Speech Enhancement System Using a Model of Auditory Mechanism

청각기강의 모델을 이용한 음성강조 시스템

  • 최재승 (일본 오사카시립대학교 정보통신공학과)
  • Published : 2004.11.01

Abstract

On the field of speech processing the treatment of noise is still important problems for speech research. Especially, it has been noticed that the background noise causes remarkable reduction of speech recognition ratio. As the examples of the background noise, there are such various non-stationary noises existing in the real environment as driving noise of automobiles on the road or typing noise of printer. The treatment for these kinds of noises is not so simple as could be eliminated by the former Wiener filter, but needs more skillful techniques.

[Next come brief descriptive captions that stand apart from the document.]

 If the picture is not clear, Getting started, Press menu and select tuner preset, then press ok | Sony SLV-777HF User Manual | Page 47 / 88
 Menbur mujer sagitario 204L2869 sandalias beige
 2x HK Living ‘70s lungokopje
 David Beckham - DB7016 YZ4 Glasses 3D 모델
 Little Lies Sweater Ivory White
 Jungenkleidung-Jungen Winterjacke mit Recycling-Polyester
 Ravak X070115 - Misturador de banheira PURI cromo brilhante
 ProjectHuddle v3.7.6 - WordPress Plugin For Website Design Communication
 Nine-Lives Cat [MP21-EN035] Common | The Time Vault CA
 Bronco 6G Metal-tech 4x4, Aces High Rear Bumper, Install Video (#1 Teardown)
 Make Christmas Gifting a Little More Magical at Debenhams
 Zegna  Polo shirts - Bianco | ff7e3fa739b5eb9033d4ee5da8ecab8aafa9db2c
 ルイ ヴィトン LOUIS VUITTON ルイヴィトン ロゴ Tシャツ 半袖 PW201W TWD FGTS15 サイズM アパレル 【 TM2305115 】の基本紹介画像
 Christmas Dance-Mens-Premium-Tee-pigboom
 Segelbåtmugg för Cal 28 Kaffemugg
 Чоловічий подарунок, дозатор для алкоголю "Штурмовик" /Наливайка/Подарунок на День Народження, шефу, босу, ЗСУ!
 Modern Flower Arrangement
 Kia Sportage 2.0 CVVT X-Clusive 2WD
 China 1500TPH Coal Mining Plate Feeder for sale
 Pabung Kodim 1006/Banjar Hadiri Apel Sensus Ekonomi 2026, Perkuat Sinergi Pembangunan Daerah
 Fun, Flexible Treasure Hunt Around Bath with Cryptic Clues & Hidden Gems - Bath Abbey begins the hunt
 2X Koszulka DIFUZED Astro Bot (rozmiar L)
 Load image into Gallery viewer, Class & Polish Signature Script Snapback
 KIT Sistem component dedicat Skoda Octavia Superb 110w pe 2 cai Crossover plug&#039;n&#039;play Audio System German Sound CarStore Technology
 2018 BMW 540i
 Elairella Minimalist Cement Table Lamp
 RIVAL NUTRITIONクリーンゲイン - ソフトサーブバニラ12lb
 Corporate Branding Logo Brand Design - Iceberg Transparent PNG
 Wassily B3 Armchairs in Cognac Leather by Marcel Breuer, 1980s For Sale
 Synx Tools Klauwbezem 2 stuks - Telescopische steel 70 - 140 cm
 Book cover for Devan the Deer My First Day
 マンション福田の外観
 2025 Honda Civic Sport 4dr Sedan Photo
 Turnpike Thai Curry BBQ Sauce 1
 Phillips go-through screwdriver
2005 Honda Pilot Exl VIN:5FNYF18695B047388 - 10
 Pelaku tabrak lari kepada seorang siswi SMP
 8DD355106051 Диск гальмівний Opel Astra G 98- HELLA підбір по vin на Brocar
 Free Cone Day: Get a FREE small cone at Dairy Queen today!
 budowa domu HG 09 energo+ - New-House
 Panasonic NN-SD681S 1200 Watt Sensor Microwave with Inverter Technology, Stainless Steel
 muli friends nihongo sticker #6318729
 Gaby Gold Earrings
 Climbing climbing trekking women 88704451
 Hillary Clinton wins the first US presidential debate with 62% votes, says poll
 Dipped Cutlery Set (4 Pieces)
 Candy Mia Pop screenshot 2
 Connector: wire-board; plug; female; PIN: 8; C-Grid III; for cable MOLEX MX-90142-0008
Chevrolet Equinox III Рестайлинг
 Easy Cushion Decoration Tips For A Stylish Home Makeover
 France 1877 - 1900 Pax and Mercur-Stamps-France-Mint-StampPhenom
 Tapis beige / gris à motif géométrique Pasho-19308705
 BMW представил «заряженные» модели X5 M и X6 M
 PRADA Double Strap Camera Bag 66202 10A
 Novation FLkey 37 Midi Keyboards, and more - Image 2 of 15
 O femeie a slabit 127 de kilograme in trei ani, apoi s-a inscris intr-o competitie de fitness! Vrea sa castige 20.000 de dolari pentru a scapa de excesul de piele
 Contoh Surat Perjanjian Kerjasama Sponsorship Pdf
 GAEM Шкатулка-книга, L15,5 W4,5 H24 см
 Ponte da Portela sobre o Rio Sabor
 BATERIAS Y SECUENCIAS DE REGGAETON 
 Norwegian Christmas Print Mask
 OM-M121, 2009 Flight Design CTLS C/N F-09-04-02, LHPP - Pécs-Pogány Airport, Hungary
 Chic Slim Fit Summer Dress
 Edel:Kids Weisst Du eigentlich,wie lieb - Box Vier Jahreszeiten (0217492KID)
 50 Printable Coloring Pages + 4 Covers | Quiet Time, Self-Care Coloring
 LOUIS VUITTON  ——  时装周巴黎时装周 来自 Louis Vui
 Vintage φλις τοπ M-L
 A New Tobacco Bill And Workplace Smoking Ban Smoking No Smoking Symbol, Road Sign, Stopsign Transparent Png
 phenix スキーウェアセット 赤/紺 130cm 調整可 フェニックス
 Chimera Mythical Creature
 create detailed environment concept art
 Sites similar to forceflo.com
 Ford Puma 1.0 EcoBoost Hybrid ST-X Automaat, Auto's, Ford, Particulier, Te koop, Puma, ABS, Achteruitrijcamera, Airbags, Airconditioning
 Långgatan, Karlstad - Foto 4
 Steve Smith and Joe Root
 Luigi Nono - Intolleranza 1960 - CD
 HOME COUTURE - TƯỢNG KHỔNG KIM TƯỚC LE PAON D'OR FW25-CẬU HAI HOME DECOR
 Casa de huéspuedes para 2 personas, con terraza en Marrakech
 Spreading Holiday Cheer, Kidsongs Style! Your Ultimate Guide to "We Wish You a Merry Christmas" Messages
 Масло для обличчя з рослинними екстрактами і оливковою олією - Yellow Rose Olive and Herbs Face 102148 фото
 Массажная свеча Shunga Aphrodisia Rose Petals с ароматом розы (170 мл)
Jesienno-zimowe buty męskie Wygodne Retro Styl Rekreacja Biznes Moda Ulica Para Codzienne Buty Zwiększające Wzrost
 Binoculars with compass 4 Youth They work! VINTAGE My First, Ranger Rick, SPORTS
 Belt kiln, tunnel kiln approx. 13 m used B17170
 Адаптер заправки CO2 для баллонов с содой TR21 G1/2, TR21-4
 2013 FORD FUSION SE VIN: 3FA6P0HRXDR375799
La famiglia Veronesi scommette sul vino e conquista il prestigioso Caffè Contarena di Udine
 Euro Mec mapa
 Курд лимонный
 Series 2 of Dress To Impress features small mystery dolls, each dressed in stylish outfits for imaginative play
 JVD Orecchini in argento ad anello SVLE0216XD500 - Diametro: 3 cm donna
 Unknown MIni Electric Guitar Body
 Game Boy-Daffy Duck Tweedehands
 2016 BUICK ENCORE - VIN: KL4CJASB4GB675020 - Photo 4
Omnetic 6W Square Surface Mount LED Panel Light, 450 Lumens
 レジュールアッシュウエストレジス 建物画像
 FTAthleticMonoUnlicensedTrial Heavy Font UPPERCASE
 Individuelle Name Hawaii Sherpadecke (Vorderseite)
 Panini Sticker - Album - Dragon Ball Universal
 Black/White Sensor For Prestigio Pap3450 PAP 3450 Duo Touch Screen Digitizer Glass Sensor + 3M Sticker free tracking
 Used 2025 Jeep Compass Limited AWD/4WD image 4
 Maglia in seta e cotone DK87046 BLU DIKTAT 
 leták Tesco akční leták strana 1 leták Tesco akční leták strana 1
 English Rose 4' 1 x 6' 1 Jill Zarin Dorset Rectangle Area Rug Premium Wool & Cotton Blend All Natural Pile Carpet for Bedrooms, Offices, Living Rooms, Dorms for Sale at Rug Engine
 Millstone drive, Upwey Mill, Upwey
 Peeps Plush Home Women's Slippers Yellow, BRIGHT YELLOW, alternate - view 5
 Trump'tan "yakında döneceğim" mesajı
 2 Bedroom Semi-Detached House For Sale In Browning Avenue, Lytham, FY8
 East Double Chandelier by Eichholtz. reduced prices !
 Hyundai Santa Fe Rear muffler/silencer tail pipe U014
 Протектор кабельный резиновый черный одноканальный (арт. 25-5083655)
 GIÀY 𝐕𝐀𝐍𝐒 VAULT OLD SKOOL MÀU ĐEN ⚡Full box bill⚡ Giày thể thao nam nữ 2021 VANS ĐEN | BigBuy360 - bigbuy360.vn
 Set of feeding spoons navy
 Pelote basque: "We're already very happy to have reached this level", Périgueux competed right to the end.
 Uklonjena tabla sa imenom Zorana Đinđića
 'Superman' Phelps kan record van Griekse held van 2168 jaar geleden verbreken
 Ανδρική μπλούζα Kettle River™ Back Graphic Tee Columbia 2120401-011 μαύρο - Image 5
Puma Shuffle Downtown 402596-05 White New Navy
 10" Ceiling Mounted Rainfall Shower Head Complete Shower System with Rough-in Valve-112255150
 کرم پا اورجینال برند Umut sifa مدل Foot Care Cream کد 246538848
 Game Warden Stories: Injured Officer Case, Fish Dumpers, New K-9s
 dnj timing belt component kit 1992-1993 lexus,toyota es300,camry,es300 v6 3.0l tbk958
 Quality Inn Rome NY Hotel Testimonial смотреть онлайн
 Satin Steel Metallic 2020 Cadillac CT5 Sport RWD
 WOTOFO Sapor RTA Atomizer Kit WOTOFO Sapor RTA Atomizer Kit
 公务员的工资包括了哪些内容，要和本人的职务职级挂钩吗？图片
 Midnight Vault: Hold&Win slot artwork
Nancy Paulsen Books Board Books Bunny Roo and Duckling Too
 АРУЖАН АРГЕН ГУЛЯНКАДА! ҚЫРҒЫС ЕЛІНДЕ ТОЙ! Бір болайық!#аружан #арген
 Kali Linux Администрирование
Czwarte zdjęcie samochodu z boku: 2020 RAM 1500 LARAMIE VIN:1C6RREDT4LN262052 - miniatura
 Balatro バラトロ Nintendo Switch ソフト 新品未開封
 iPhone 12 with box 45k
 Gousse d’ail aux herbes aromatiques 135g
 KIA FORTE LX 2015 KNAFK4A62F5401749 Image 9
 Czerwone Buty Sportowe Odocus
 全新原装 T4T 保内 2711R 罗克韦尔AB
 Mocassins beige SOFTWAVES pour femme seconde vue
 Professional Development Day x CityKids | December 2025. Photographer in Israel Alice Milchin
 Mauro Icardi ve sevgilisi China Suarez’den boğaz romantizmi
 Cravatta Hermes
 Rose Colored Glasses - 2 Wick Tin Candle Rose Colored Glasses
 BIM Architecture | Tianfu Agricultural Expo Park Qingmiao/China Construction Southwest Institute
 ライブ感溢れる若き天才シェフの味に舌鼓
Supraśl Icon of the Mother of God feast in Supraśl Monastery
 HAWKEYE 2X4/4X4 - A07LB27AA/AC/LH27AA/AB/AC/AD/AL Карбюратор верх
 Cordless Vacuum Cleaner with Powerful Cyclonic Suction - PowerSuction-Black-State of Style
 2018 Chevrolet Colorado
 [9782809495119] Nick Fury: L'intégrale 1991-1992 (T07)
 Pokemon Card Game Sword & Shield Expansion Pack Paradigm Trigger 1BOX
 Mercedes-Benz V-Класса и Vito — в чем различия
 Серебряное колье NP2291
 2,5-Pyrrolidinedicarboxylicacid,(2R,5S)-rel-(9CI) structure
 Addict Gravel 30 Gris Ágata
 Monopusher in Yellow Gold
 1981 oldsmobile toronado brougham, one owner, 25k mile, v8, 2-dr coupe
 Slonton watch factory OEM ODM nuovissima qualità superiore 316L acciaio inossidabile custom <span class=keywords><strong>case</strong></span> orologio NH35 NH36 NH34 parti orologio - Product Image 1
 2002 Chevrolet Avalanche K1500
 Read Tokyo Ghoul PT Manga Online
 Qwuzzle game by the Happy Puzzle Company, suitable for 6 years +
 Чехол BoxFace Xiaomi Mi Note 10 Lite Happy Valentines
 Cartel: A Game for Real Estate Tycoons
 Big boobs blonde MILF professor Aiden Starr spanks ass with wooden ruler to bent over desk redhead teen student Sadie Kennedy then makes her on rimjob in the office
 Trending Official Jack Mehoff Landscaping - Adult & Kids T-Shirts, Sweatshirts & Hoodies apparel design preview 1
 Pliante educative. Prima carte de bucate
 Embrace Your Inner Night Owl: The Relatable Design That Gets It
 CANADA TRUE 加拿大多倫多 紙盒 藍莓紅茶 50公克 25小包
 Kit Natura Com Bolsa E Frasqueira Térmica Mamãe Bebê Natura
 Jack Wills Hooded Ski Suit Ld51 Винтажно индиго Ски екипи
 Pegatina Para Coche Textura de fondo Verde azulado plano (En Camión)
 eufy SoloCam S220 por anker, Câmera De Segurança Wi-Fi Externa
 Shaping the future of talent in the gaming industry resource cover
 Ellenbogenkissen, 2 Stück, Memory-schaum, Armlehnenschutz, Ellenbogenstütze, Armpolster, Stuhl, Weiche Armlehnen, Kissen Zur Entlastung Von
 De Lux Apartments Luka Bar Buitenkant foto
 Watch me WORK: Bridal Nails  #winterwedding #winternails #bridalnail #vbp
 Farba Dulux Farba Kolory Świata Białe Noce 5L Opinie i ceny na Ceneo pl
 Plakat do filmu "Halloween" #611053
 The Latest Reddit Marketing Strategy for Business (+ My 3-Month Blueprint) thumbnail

In this paper as one of these trials, we show an algorithm which is a speech enhancement method using a model of mutual inhibition for noise reduction in speech which is contaminated by white noise or background noise mentioned above. It is confirmed that the proposed algorithm is effective for the speech degraded not only by white noise but also by colored noise, judging from the spectral distortion measurement.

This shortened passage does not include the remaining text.